Lines below starting with the line with "Cake pastry decorating set. New . Never used" and going on through the line with "One-Bedroom Apartment image 3" must be output exactly; the rest of the records must be left out.

• **Information supplied**:
_ _ _ _

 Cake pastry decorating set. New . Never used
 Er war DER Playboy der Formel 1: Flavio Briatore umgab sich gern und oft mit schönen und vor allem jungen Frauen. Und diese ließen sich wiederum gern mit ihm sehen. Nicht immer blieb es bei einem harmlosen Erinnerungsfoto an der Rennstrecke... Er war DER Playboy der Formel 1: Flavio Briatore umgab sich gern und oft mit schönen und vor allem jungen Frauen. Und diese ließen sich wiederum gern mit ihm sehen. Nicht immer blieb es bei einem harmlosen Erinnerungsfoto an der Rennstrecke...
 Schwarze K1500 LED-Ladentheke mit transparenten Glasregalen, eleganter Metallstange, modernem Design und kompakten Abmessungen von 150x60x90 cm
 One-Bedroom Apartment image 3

_ _ _ _

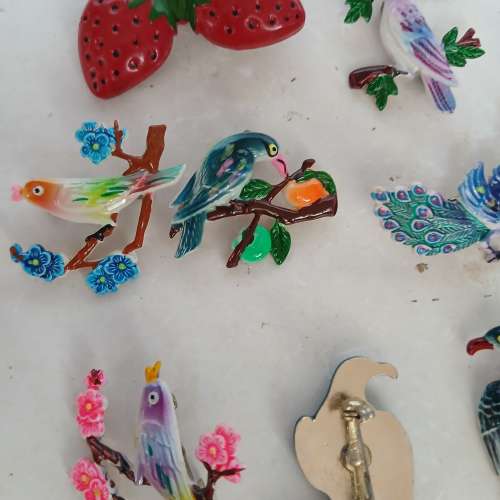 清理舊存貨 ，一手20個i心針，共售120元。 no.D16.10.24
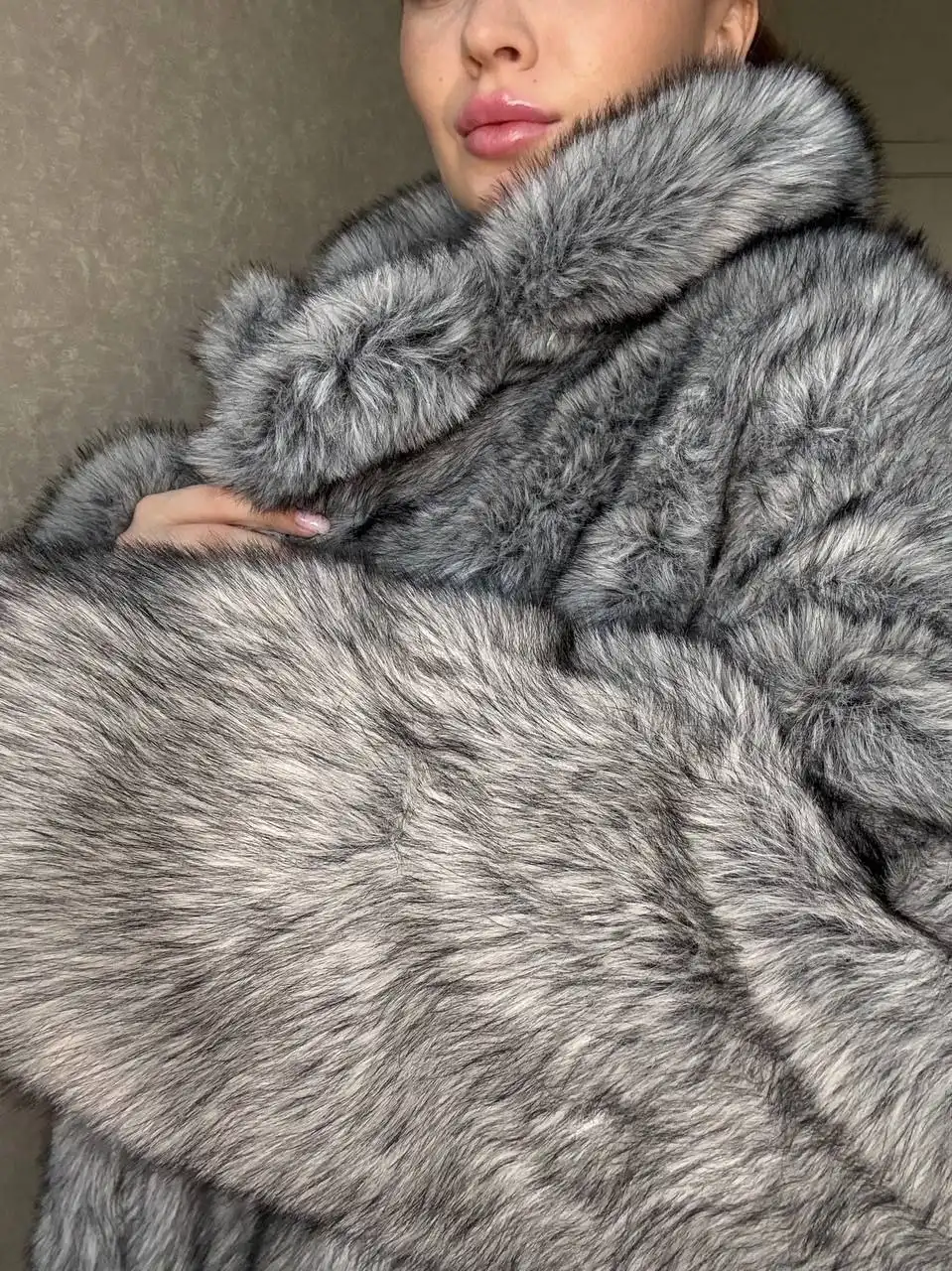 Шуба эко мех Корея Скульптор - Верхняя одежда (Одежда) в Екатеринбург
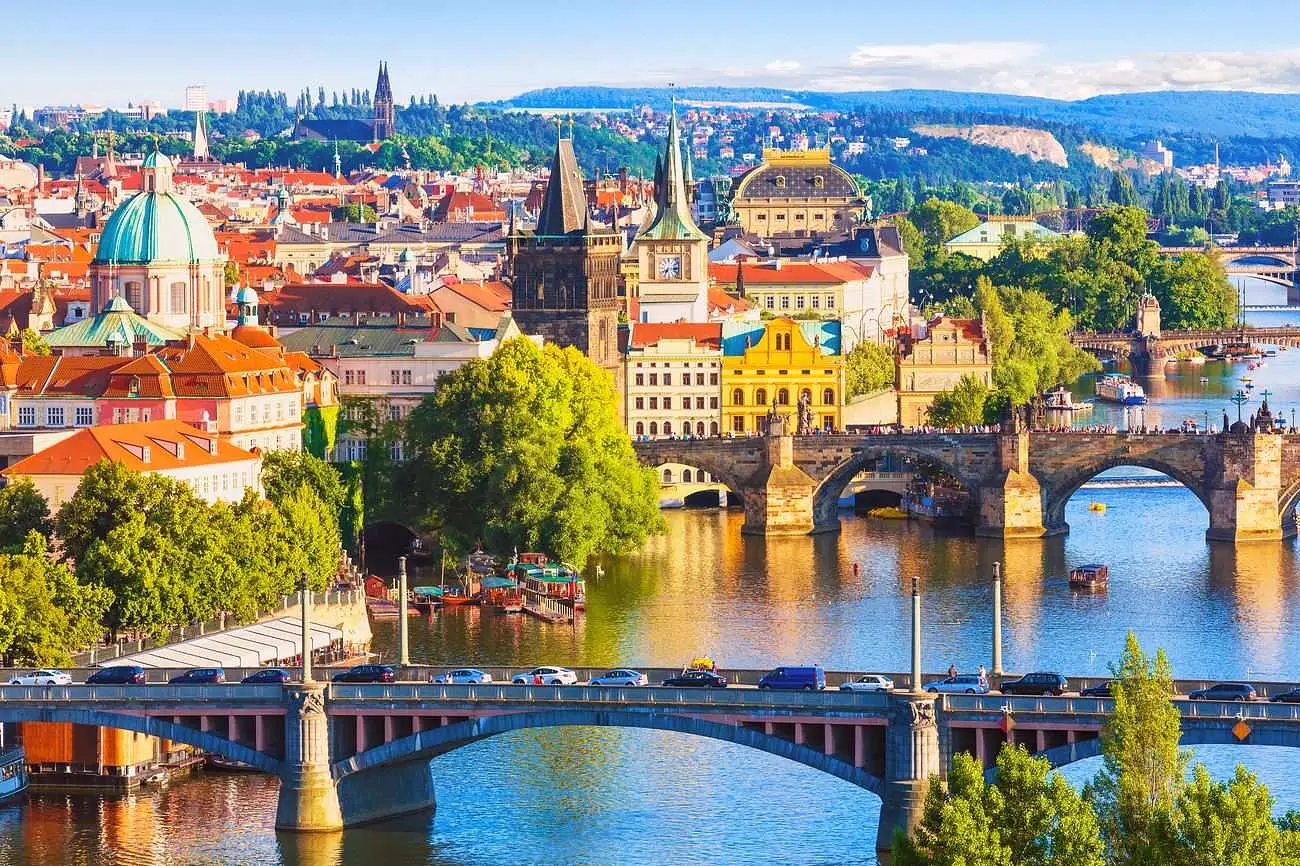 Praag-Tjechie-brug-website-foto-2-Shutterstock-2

_ _ _ _

• **Completed exercise**:
 Cake pastry decorating set. New . Never used
 Er war DER Playboy der Formel 1: Flavio Briatore umgab sich gern und oft mit schönen und vor allem jungen Frauen. Und diese ließen sich wiederum gern mit ihm sehen. Nicht immer blieb es bei einem harmlosen Erinnerungsfoto an der Rennstrecke... Er war DER Playboy der Formel 1: Flavio Briatore umgab sich gern und oft mit schönen und vor allem jungen Frauen. Und diese ließen sich wiederum gern mit ihm sehen. Nicht immer blieb es bei einem harmlosen Erinnerungsfoto an der Rennstrecke...
 Schwarze K1500 LED-Ladentheke mit transparenten Glasregalen, eleganter Metallstange, modernem Design und kompakten Abmessungen von 150x60x90 cm
 One-Bedroom Apartment image 3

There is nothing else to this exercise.